Field note — A.J., UIG Data Lab

The Lakehouse attachment decision matters more than most teams realise upfront. Your attached Lakehouse is the default for all unqualified table references — if you’re reading from multiple Lakehouses in one notebook, use full abfss:// paths or OneLake shortcuts for the secondary ones. Switching the attached Lakehouse mid-project means rewriting every unqualified table reference in every cell.

Section 02

Five Production Patterns

These patterns cover the scenarios that account for the majority of notebook failures in production. Each one is designed to be safe to rerun — idempotency is non-negotiable at scale.

Pattern 1 — Schema Enforcement and Quality Gates

Schema drift is the most common source of silent failures in notebook pipelines. An upstream source changes a column type or renames a field — the notebook runs without error, but writes garbage downstream. Enforce schema explicitly and route bad rows to a quarantine table for review.
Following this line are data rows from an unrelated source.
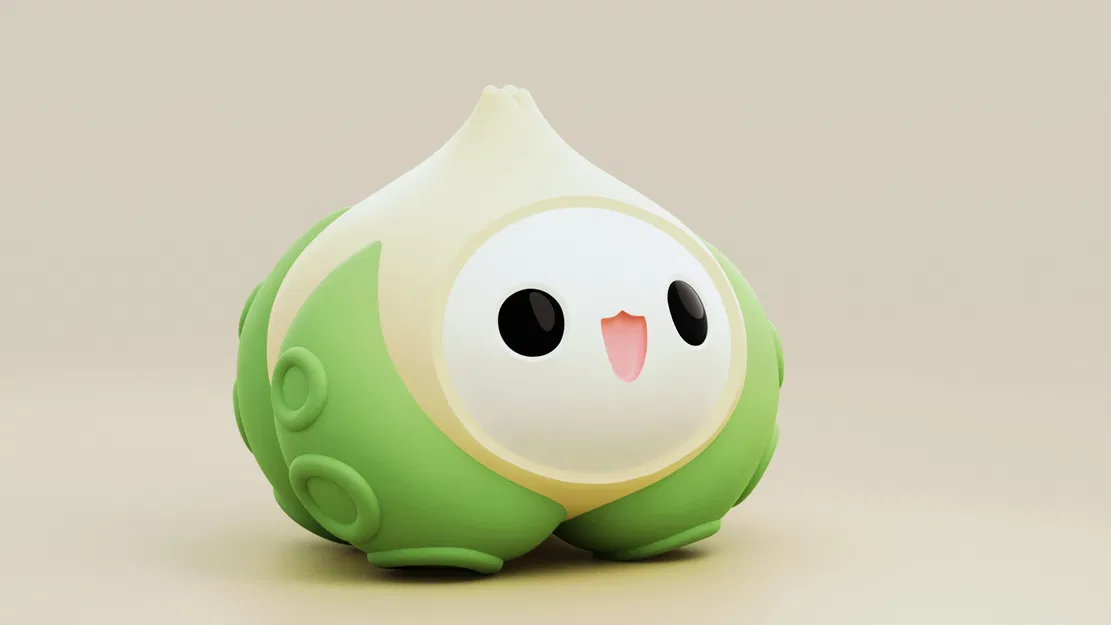 Overwatch Pachimari - Mô hình 3D - Image 1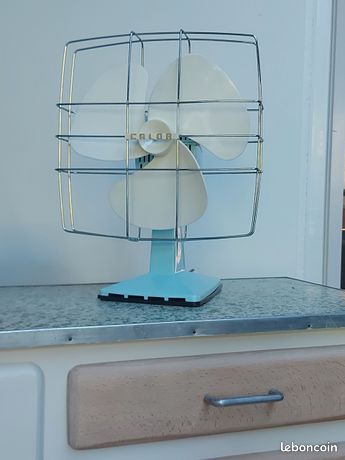 Ventilateur vintage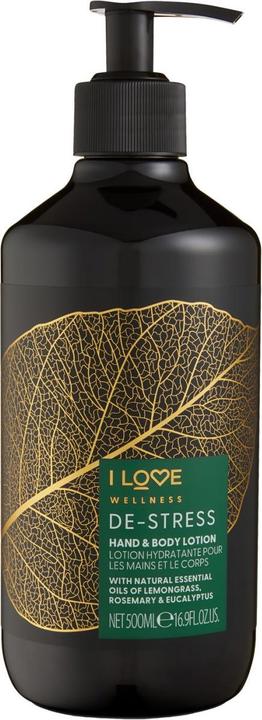 Actual product image Hand & Body Lotion Destress (Body milk, Body gel, Body lotion, Body cream, 500 ml)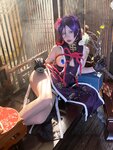 [Cosplay] Yibeibuchi 一北亦北 - Milky New Year Cheongsam 奶光新春旗袍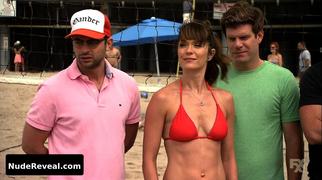 KATIE ASELTON nude in The League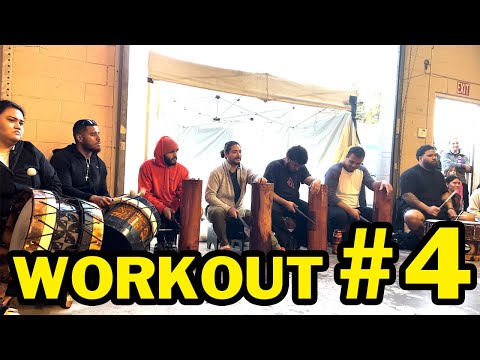 Workout Sessions #4 | No Te Here O Te Hiro'a Drummers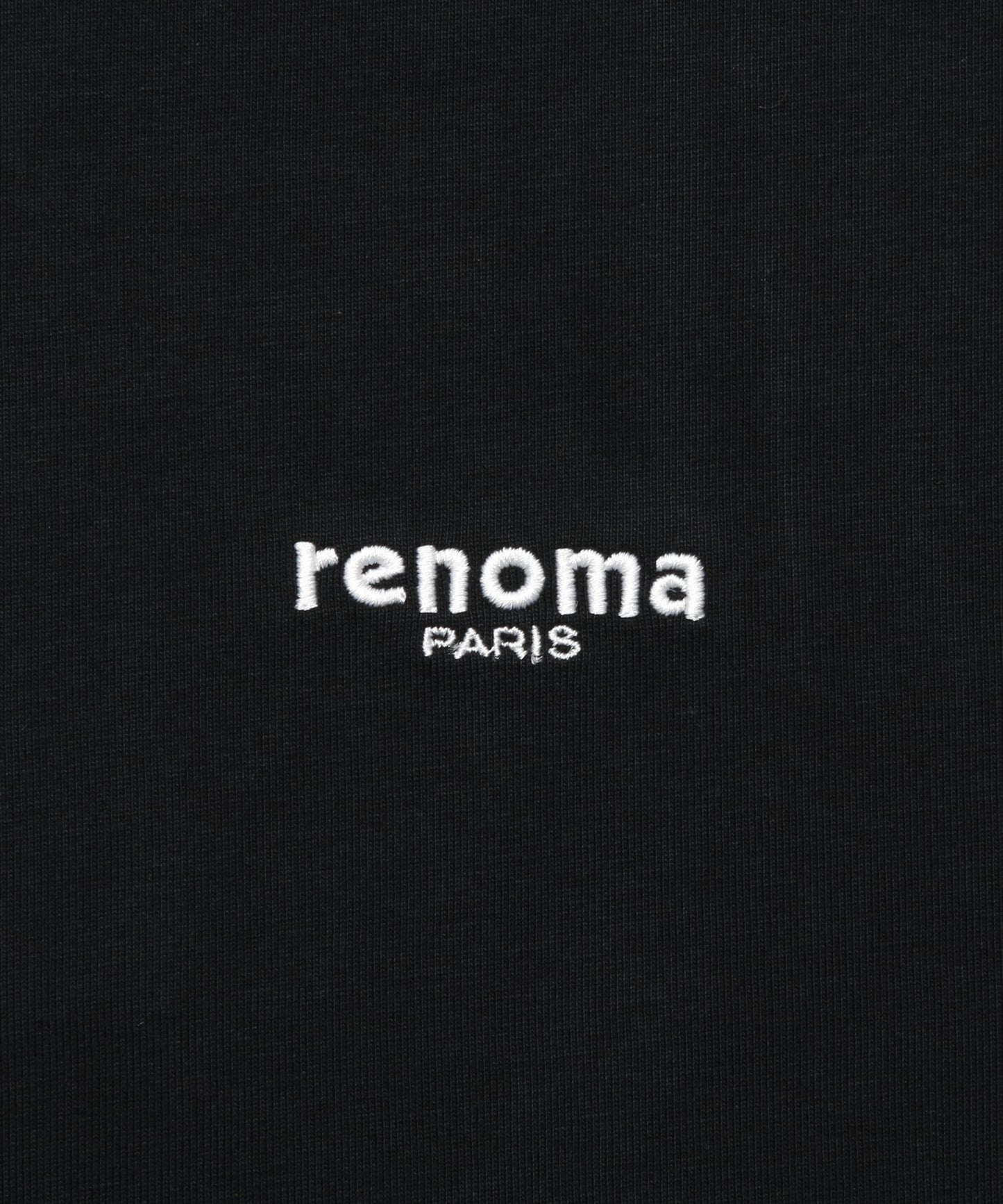 LOGO MOCK NECK T-SHIRT
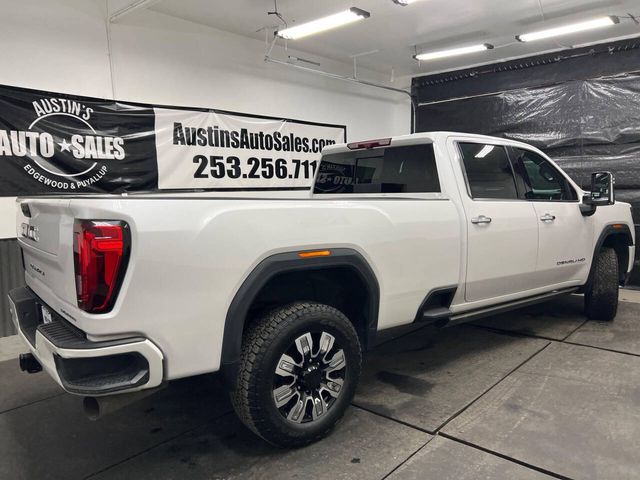 2021 GMC Sierra 3500HD Denali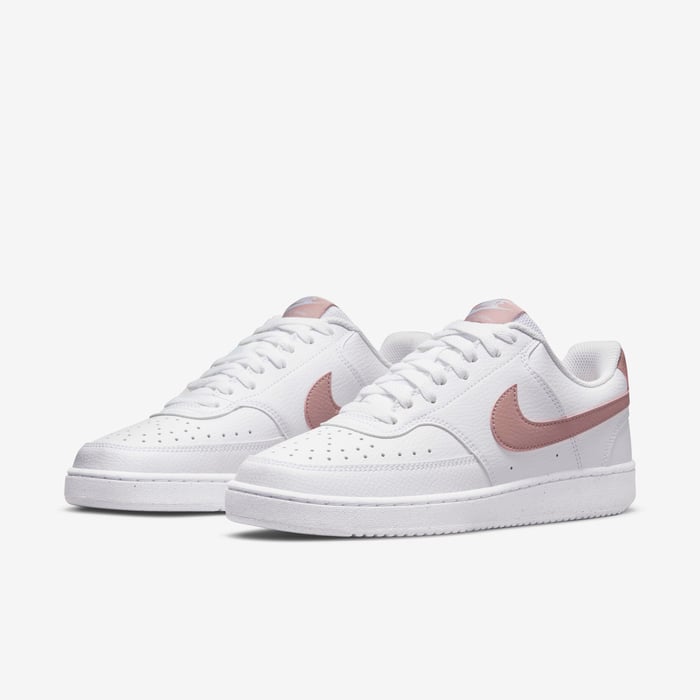 Nike Court Vision Low NN Blanc Rose Oxford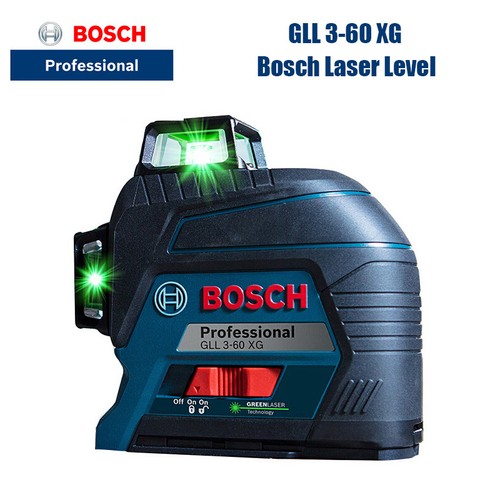 Bosch laser level - bosch, gll3-60xg
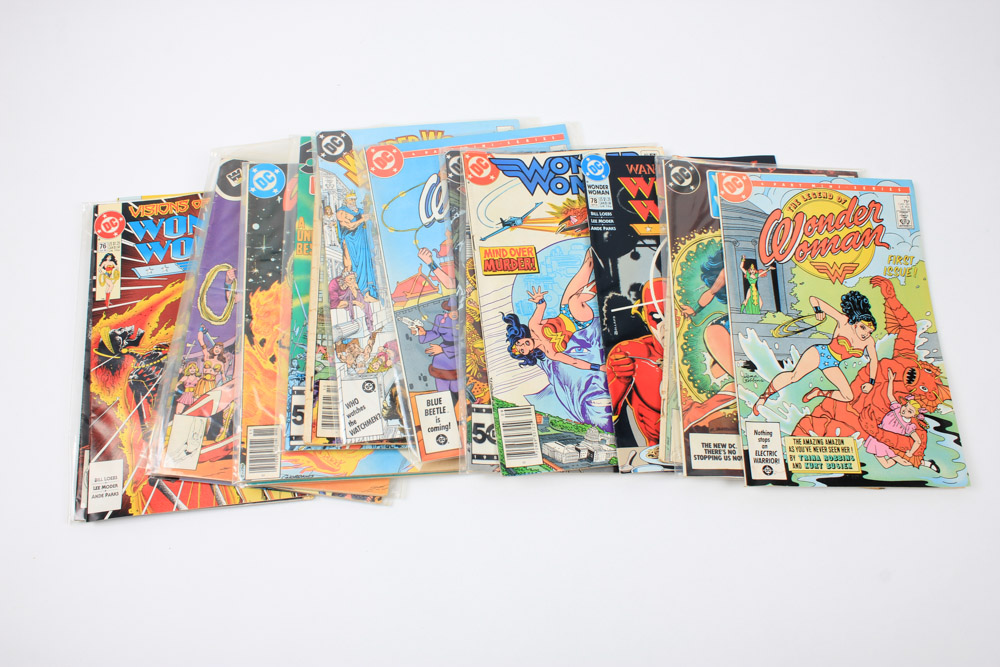 Assorted Bronze Age Wonder Woman Comics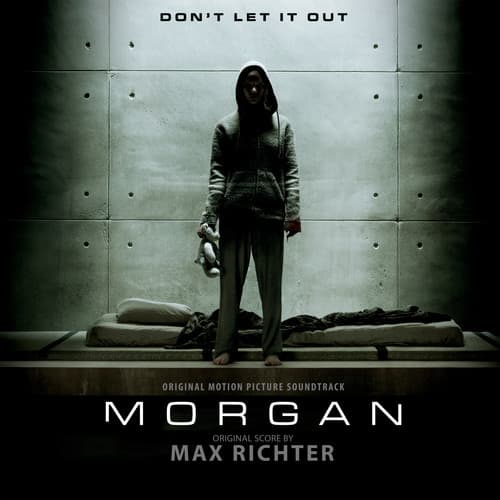 Album cover art for Morgan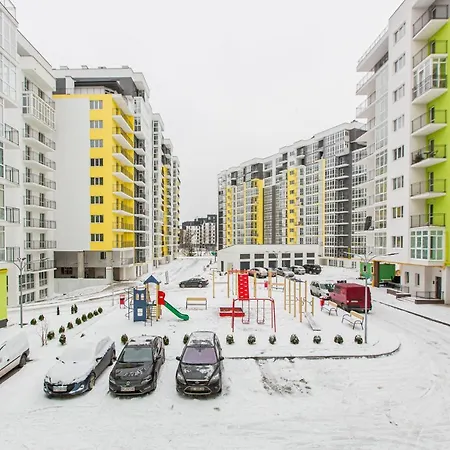 Apartment новобудова з сучасним ремонтомна вулиця шевченка 19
PySpark — schema enforcement and quality gate

from pyspark.sql.types import StructType, StructField, IntegerType, DoubleType, StringType
from pyspark.sql.functions import col, when, current_timestamp, lit

# Define expected schema explicitly
expected_schema = StructType([
    StructField("order_id",  IntegerType(), False),
    StructField("amount",   DoubleType(),  False),
    StructField("product",  StringType(),  True),
    StructField("region",   StringType(),  True),
])

# FAILFAST stops the job immediately on schema mismatch
df_raw = (spark.read
    .schema(expected_schema)
    .option("mode", "FAILFAST")
    .csv(SOURCE_PATH))

# Quality gate — capture bad rows before processing
bad_rows = df_raw.filter(
    col("order_id").isNull() |
    (col("amount") < 0) |
    col("amount").isNull()
)

if bad_rows.count() > 0:
    (bad_rows
        .withColumn("error_reason",
            when(col("order_id").isNull(), "null_order_id")
            .when(col("amount").isNull(), "null_amount")
            .otherwise("negative_amount"))
        .withColumn("captured_at", current_timestamp())
        .write.format("delta").mode("append")
        .saveAsTable("errors.sales_quality_issues"))
    print(f"⚠️  {bad_rows.count():,} bad rows routed to quarantine")

df_clean = df_raw.filter(
    col("order_id").isNotNull() &
    col("amount").isNotNull() &
    (col("amount") >= 0)
)
print(f"✅ {df_clean.count():,} rows passed quality checks")

Pattern 2 — Idempotent Merges with Delta MERGE

The most important property of a production notebook is that it is safe to rerun. A notebook that produces duplicates on rerun is not production-grade — it is a liability. Delta MERGE with a business key guarantees idempotency. Run it ten times on the same data and the result is always correct.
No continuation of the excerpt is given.